Pensieri sparsi su un film che è di per sé sparso: l'ennesimo collage di un regista da sempre dada, per il quale non è la rivisitazione dei singoli segmenti di film (di verità) ad essere il punto, ma il modo in cui quei pezzi sono messi assieme. Un collage, appunto, come di tanti piccoli racconti (Caro Diario), di pagine di giornale (Aprile), di riflessioni politiche (La Cosa). In un modo o nell'altro, i film di Moretti sono sempre stati collage, foss'anche di timori esistenziali (Mia madreHabemus Papam), di sketch (Ecce Bombo), di sogni o piccoli deliri (Palombella Rossa).
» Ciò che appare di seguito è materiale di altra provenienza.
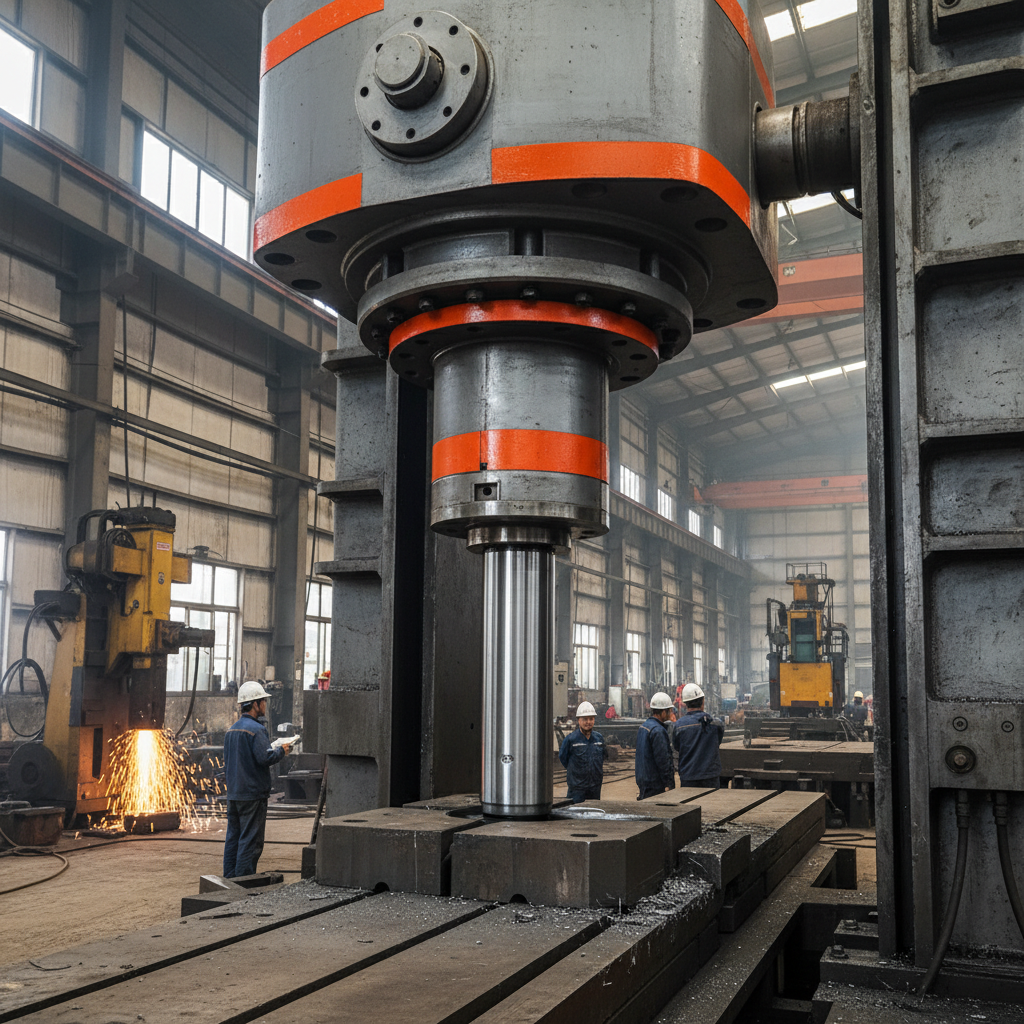 40 ton hydraulic cylinder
Cos'altro sono i Tre piani in tal senso?, tante storie, combinate assieme, a comporre un puzzle che è poi il condominio di Eshkol Nevo. 

Dunque opere stilisticamente eterogenee, non soluzioni ma miscugli. E nel Sol dell'avvenire a divenire parte di un miscuglio sono i suoi vecchi film, e da pezzi di quei film deriva l'angoscia tutta felliniana di cercare un film nuovo, com'è sospettabile e prevedibile da un autore così novecentesco. E come negare, d'altronde, come Moretti si mostri sempre più estraneo dal suo presente, tanto più va avanti con l'età e tanto più si inoltra nel nuovo Millennio. E' chiaro che il nuovo è distaccato (Tre piani), lontano, impenetrabile, ed è al massimo una macchietta (l'irresistibile dialogo con i produttori di Netflix), ed è chiaro che quindi il bordo fra i pezzi del collage suddetto sarà ancora più netto e divisivo. Una scena dopo un'altra scena dopo un'altra scena, una canzone dopo una canzone dopo un'altra canzone. 
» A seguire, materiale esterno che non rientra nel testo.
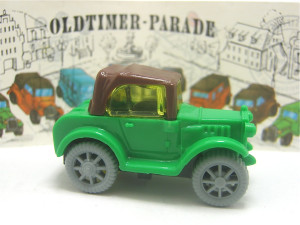 Oldtimer-Parade 1993 , Morris Minor 1912 + Beipackzettel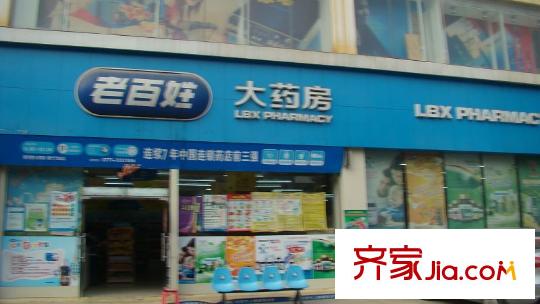 鑫利華花城配套圖周邊北湖路藥房（攝于2010年12月31日）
Oltre al fatto che sfiderei qualsiasi regista ad essere così candido e allo stesso tempo a mettere in piedi una compilation ad hoc così commovente di cose che poi appaiono benissimo tutte assieme, in una sintesi impossibile, surreale e, appunto, dada; ma trovo inoltre che Il sol dell'avvenire abbia da dire sul modo in cui Moretti stesso guarda ai suoi film. Non è, per intenderci, Nymphomaniac, in cui l'autocitazione di von Trier fa parte di un vortice feticistico e masochista. Moretti ha interesse a capirsi: dopo che in Aprile non capiva l'Italia, ora non capisce se stesso. Da dove partire se non dal suo cinema? 
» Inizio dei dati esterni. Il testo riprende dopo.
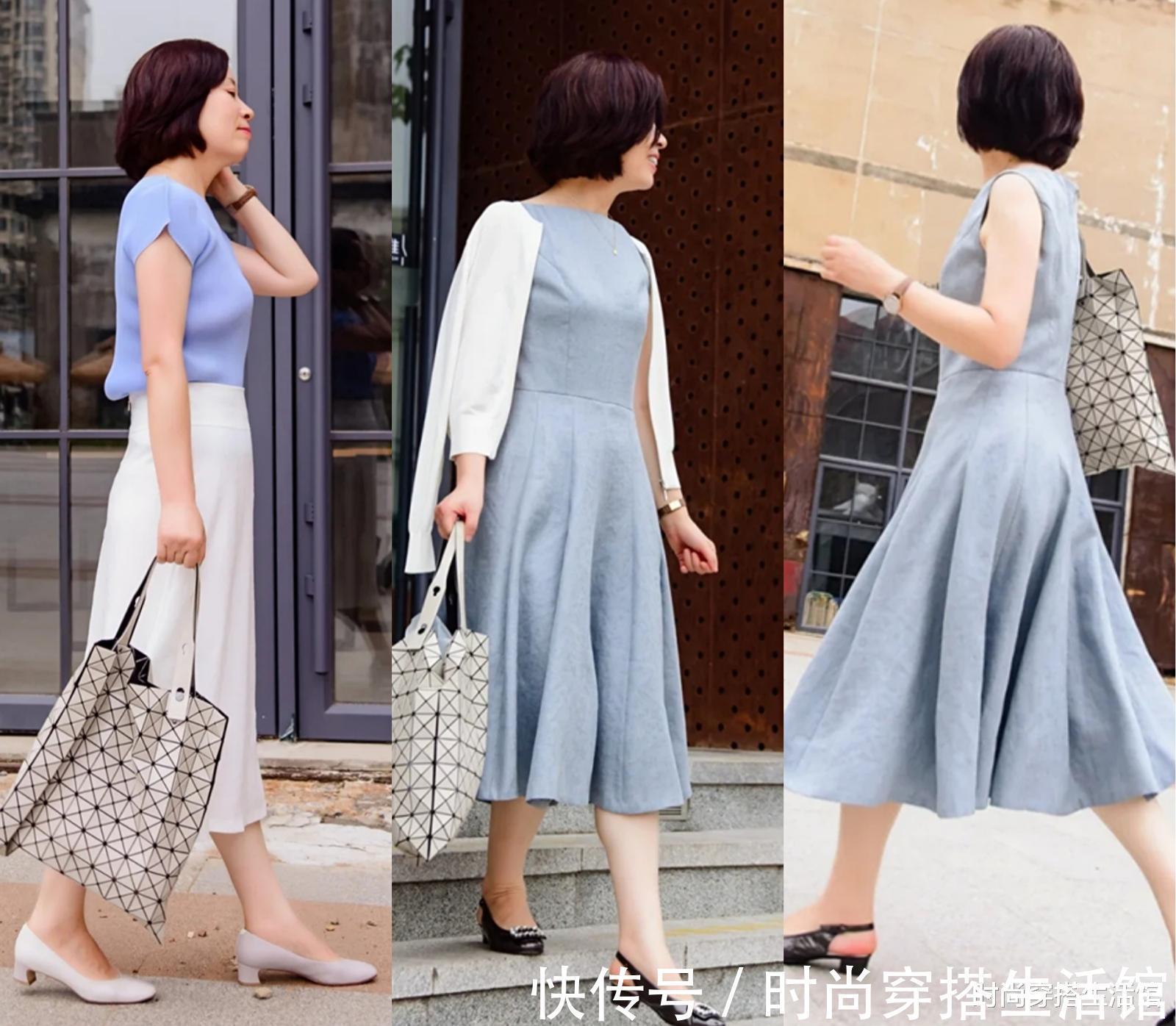 tips|?真正见过世面的60岁女人，试试这样穿，优雅时髦又显气质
E' vero, è felliniana la conclusione del suo Sol dell'avvenire; è anche felliniano quello che dice sottotraccia, e cioè che il suo cinema non è altro che un continuo tentativo di sabotaggio delle cose, interrompere un set per un capriccio così come immobilizzare un sogno per cominciare a dirigerlo, così come interrompere un momento storico per interrogarlo, così come interrompere un dialogo per uscire dal rischio della banalità e dello sconforto. Eppure la nota di novità di un regista che ormai sarebbe comunque liberissimo e in pieno diritto di "fare sempre lo stesso film" è che gli occhi con cui incolla queste parti fra loro sono i suoi, e anche le parole (sono solo parole) sono le sue. Letterali o meno, sono dubbiose e quel dubbio non può invecchiare. Le sue immagini esistono all'infuori di lui e lui le guarda da fuori, in un cortocircuito che si ravviva continuamente. Non è un caso che Moretti sembri tanto un critico cinematografico quando parla di inquadrature (la violenza secondo Renzo Piano, Scorsese e Coppola), di etica dell'immagine, di tempo di una sequenza (Breve film sull'uccidere), e che poi nei suoi film i tempi siano difettosi, la regia invisibile, le inquadrature discrete. E' un'inconciliabilità da cui non può uscire. Quindi non resta altro che cucire, accostare, avvicinare, e vedere con candore e sincerità, come un empirista un po' pazzo, cosa possa venirne fuori. Il sol dell'avvenire sembra un film che è successo e Moretti non se n'è neanche accorto, e va benissimo così.